= Given information =
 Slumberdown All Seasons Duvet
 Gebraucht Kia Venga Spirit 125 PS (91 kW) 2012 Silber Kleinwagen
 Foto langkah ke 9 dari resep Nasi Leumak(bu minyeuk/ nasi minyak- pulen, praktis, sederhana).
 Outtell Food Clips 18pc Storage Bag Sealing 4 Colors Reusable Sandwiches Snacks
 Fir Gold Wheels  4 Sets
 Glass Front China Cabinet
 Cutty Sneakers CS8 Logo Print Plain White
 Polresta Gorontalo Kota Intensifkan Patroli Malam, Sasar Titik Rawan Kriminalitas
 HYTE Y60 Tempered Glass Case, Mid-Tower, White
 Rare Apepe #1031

* * *

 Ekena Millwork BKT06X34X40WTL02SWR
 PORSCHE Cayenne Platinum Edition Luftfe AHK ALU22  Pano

...

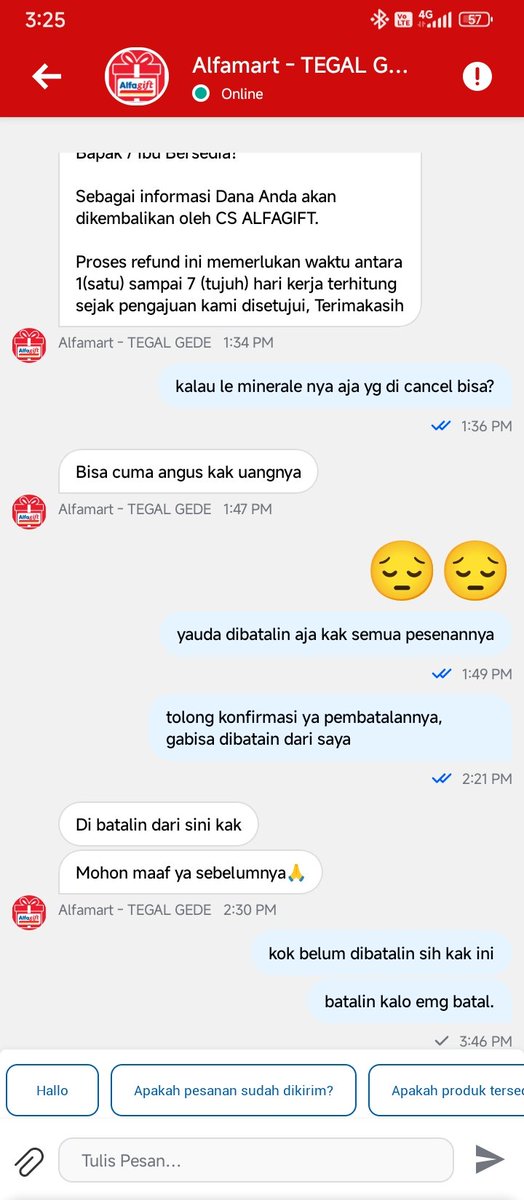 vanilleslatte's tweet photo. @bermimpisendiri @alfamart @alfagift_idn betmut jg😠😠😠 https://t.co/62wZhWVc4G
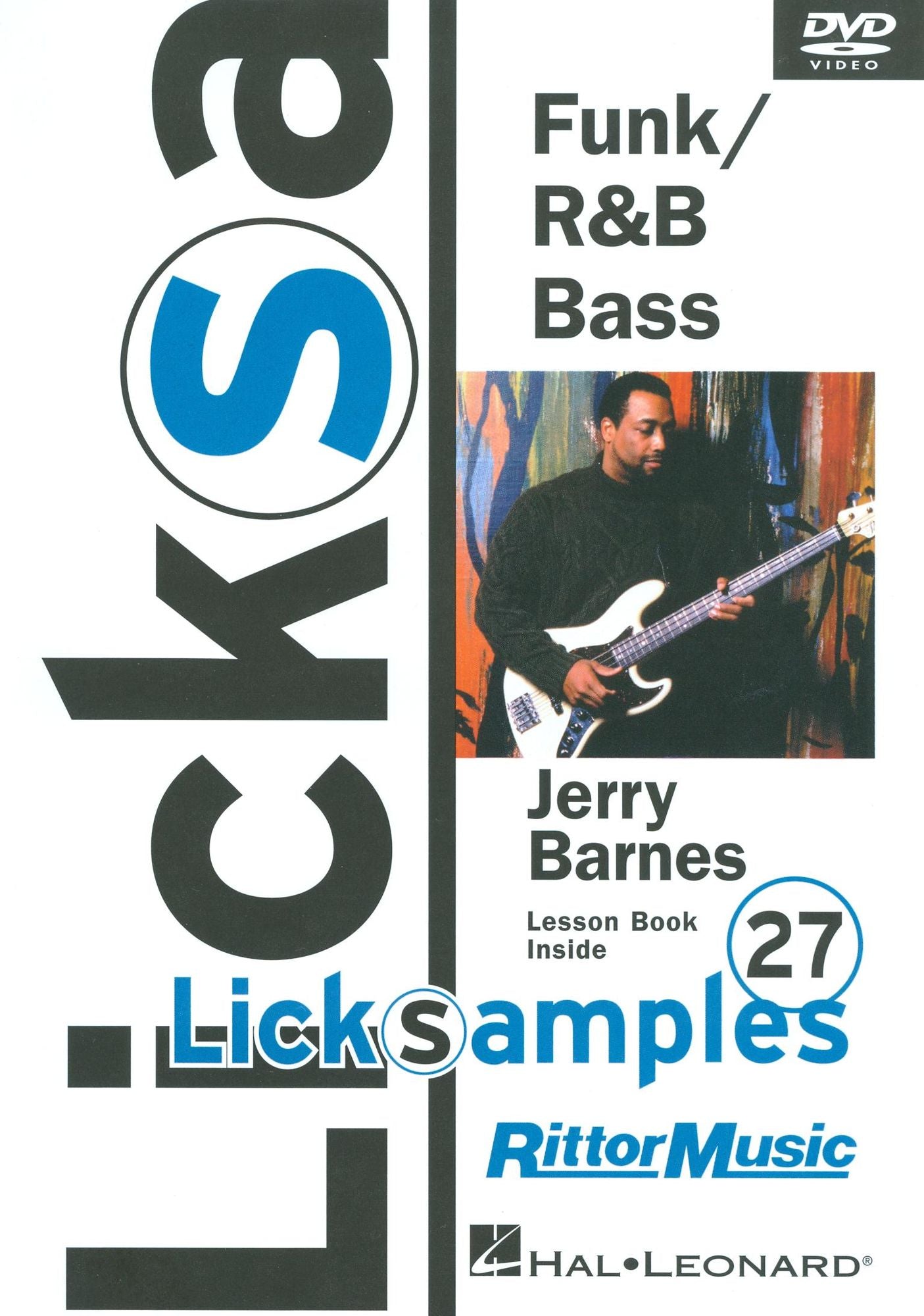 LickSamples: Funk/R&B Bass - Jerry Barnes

= Task description =
Where the data above reaches the line holding "Foto langkah ke", begin printing, and stop after the line holding "Rare Apepe #1031". Each line must be reproduced exactly, with nothing else added.

= Solved exercise =
 Foto langkah ke 9 dari resep Nasi Leumak(bu minyeuk/ nasi minyak- pulen, praktis, sederhana).
 Outtell Food Clips 18pc Storage Bag Sealing 4 Colors Reusable Sandwiches Snacks
 Fir Gold Wheels  4 Sets
 Glass Front China Cabinet
 Cutty Sneakers CS8 Logo Print Plain White
 Polresta Gorontalo Kota Intensifkan Patroli Malam, Sasar Titik Rawan Kriminalitas
 HYTE Y60 Tempered Glass Case, Mid-Tower, White
 Rare Apepe #1031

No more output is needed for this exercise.